Very slow 2d convolution with Pytensor

pbaggens · May 13, 2023, 6:40pm

As I understand it, pytensor is a fork of aesara, which is a fork of theano. I have written scripts that convert theano code to either aesara or pytensor. I have a 2d convolution problem which gets the following execution time for the same problem (same code) Theano-GPU (0.7 sec), Aesara-CPU 3.4 sec, Pytensor-CPU 37 sec. This is practically unusable for me. So as Theano gets further forked, processing time gets further f**ked. I understand the technical reasons, aesara dropped the gpuarray backend, and pytensorr seems to have dropped the GEMM/Blas optimizations. In fact, I dug down deep and it seems pytensor is using convolution in abstract_conv.py, which is just a bunch of nested python loops. No wonder it is so slow. So my question is, is there any plan to add optimizations to Conv Ops?

ricardoV94 · May 13, 2023, 8:26pm

PyTensor didn’t drop BLAS/GEMM support and your difference in performance from Aesara is very unexpected. Can you confirm PyTensor can see the Blas bindings? This often fails when installing via pip instead of conda-forge.

If you can share a minimal code someone can try and replicate it. If performance deteriorated that much we would consider it a bug an try to fix it.

Regarding GPU, that was deemed too challenging to support properly with our limited resources. However, PyTensor functions can be easily transpiled into JAX which has great native support for GPUs and TPUs

Just pass mode="JAX" to pytensor.function

pbaggens · May 14, 2023, 5:58am

Many thanks for the info and suggestions. That gives me hope and I’ll track down the problem with BLAS/Gemm. I did use mode=JAX, and I do have jax[gpu] correctly installed, but it complained that JAX-ified Ops are not available for many of the Ops I use. I’ll report back. Thanks again

ricardoV94 · May 14, 2023, 8:42am

Feel free to open an issue on our repository listing any missing JAX Ops that you need: GitHub - pymc-devs/pytensor: PyTensor is a fork of Aesara -- a Python library for defining, optimizing, and efficiently evaluating mathematical expressions involving multi-dimensional arrays.

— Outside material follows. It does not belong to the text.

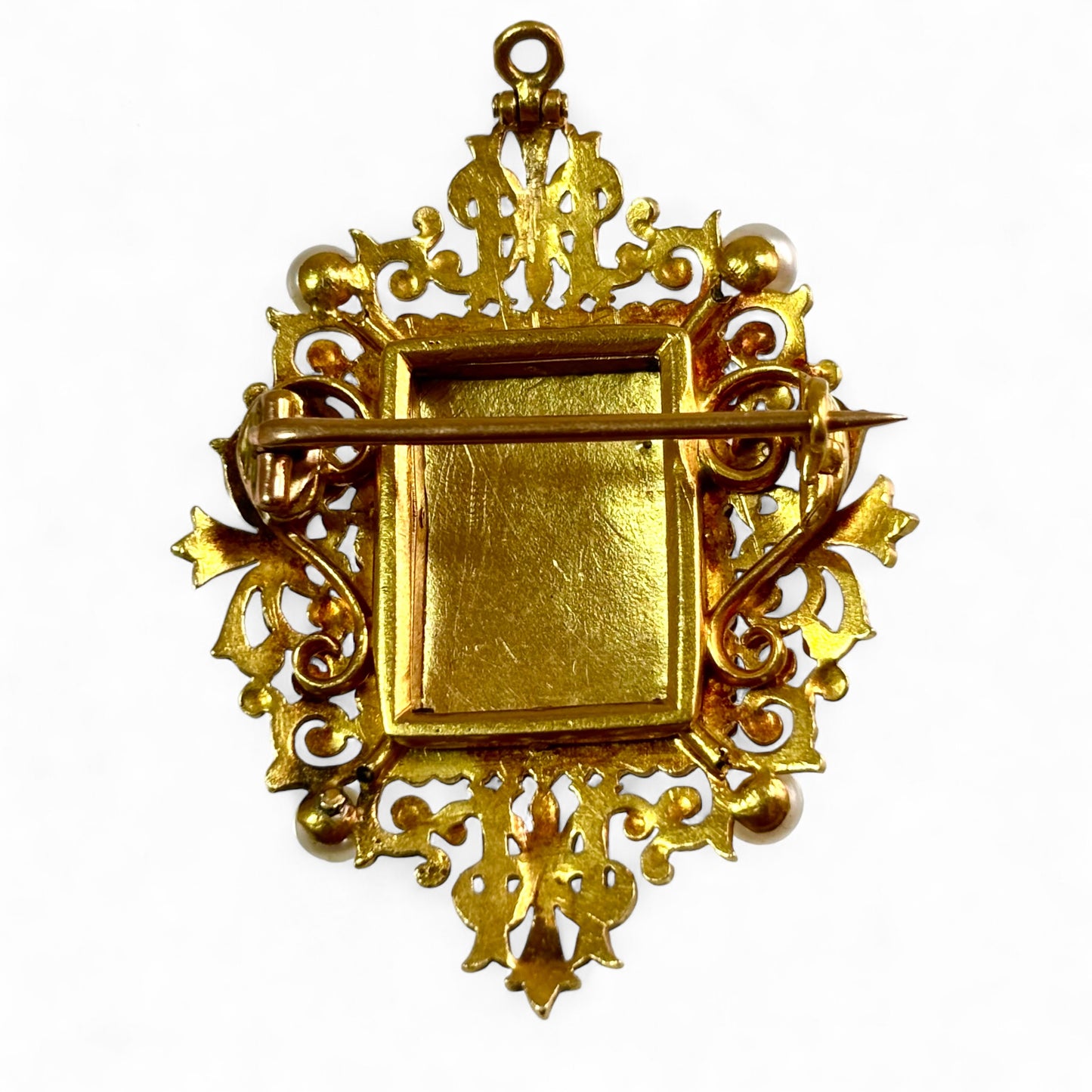 Renaissance revival gold brooch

You may even choose to contribute the functionality yourself. Here is a recent example that shows how easy it can be: Add jax implementation of `pt.linalg.pinv` by jessegrabowski · Pull Request #294 · pymc-devs/pytensor · GitHub

pbaggens · May 16, 2023, 8:02am

So, I re-installed PyTensor with conda -c conda-forge, and yes, I see now that the c-compiler and all dependencies are properly installed including (I think) GEMM/Blas And, I have seen the speedup of the execution time for the case without 2D convolution. But, for 2D convolution, there is still a huge difference. I notice that in AESARA, there is aesara/tensor/nnet/conv.py which has optimized convolution drawn from
from scipy.signal._sigtools import _convolve2d
and implemented as an OpenMP Op.

But in pytensor, this has been apparently removed. The convolution appears to be done brute-force in abstract_conv.py
Am I missing something here?
Thanks in advance

ricardoV94 · May 17, 2023, 7:36am

Yes, you’re correct. Even in Aesara it is marked as deprecated: aesara/__init__.py at 4b266671f5b60ba2cf9e435248febfa07f632824 · aesara-devs/aesara · GitHub

In general we are trying to move away from the old C_code to minimize maintenance burden and betting on the Numba/JAX backends.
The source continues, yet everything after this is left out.